|In This Special Report:|
This Special Report presents an important set of articles that considers controversial issues relevant to the practice of psychiatry. These articles demonstrate that what we do as practitioners is often based on incomplete evidence and/or reliance on experience and the art of psychopharmacology. There are considerable limitations to “evidence-based medicine” as applied to the issues considered and also to what can be said officially about “off-label” uses of medications. All that said, these articles represent a very interesting set of perspectives on important and, to date, unresolved problems for which our science falls quite short of giving us definitive answers.
The section begins with Jefferson’s “Antidepressants: Brand-Name or Generic.” As noted by Jefferson, comparative, parallel-design studies have shown little to indicate that generic forms of a given antidepressant are any less efficacious than brand-name versions.
However, there is much anecdotal information indicating that some generic medications are not effective in certain individuals. Such uncommon effects, in which a generic medication is ineffective when compared with an equivalent brand-name drug, are likely to be washed out in large, comparative, parallel-design studies. As suggested by Jefferson, studies of generic equivalent nonresponse that employ a crossover design are
indicated to determine whether there is an advantage to a given brand-name medication in specific individuals. Such a study design might well apply in determining general comparative efficacy between generic and brand-name medications as well.
In his article on hypnotics, Lader reviews the effectiveness of some of the longer-acting anti-insomnia medications. Many reviews suggest that short-term use of anti-insomnia medications is indicated for patients who have trouble sleeping. However, it is at least possible that anti-insomnia effects may persist in many patients beyond the short term.
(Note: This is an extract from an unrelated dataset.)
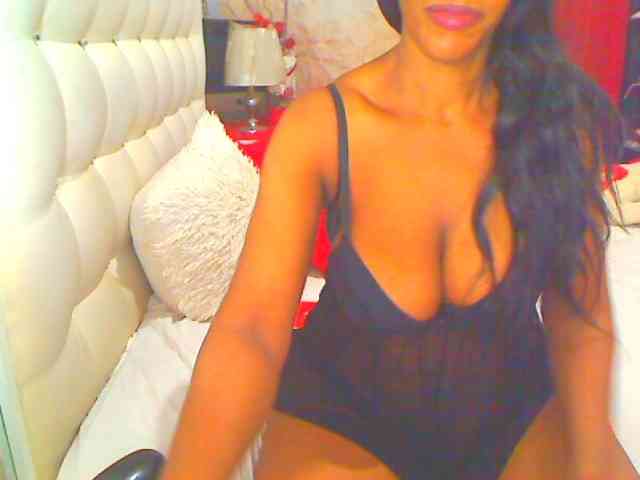HOTLILLIE webcam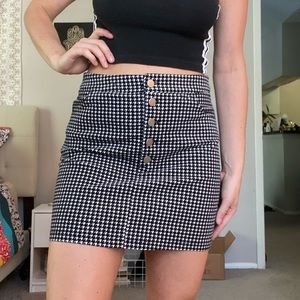 Forever 21 size M plaid skirt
Thus, more studies of continued efficacy with long-term use are certainly indicated.
Conversely, I have observed that once a person takes a benzodiazepine or one of the newer anti-insomnia agents for a long period, it is rare that these agents can be withdrawn successfully. My experience has been that the newer anti-insomnia medications are generally well tolerated, even by the elderly in most cases, and that patients find them helpful and that their use does not lead to overuse. A purist approach (in which the practitioner insists on not prescribing anti-insomnia medications) usually leads to the patient going elsewhere to get what he or she wants. This, of course, does not negate the fact that some patients report adverse effects with the newer anti-insomnia drugs as they did and still do with the older long- and short-acting benzodiazepines.
Finally, Muzina and Sajatovic address the complexities associated with the extremely important issue of treatment adherence. Comparing adherence outcomes between the typical and atypical antipsychotics, the authors review conflicting literature. They also review evidence on whether psychotropic polypharmacy increases or decreases adherence in bipolar patients. Their reading of the existing studies suggests that the data do not support a consistent position about whether therapy helps or hinders adherence.
This Special Report on psychopharmacology represents a welcome addition to many existing reviews, which imply certainty where little certainty exists. These articles explore what is known with a refreshing uncertainty, yet they offer guidance in very murky areas.